I’d like to think it was just the latter, and that if the Scottish Government were to work harder with communities, we might be able to move towards some valuable marine protection, working from the bottom up.

But at the same time, I also think there is a bigger problem we are facing when it comes to both climate change and biodiversity-oriented policy – and this is that the speed of change that scientists are telling us we need to act with is such that it invites top-down policies, bans, restrictions, lines drawn on maps, of the type which are deeply unpalatable to most people.

And also, part of the problem is that we are a small country with many people living here. That might seem a strange thing to say of Scotland, with its wild spaces - and particularly so if you live in remote coastal areas - but we are. We have around 70 people per km2, far less than, say, the United States (around 37 per km2) or Russia (9 per km2).

That means it’s hard to protect nature and not impact on people and their current livelihoods – and also hard to do so whilst also creating energy and food.
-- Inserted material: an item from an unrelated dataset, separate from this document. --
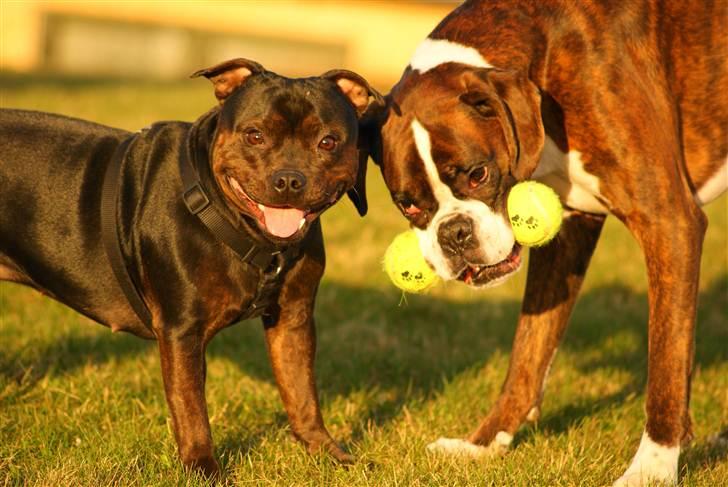 Boxer Aslan - Hygger lige med far billede 8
Hence, it’s likely that while highly protected marine areas are thought to be a highly effective type of protection because of their simplicity, we are going to need to look at something more sophisticated. Rather than ban all aquaculture and fishing from our MPAs, for instance, we may need to consider seaweed farming, or permitting low-impact fishing methods, as some conservation groups advocate.

READ MORE: Life after dredge. Saving our seabeds the Norwegian økosystem way.

But right now it seems like practically everyone, except, perhaps, for Skippinish, is feeling not listened to, from fishing bodies to communities. Even conservation groups like Our Seas and Open Seas, which has long campaigned for a 3-mile limit, are feeling unheard.

What would happen if government did start to listen and if the change came from those that live by and off the sea? What if the groups that were already creating change were properly supported? Would they even agree?

Would there be change, and at the rate needed? 

Perhaps. And perhaps we will also all ditch our cars and voluntarily create low traffic neighbourhoods or open and go to refill bottle shops. 

But the problem is I have my doubts, and these relate to a key problem in green and climate policy. No one wants anything imposed on them - but grassroots by grassroots, community by community, Lamlash Bay by Lamlash Bay, will we create change at anything like the speed necessary?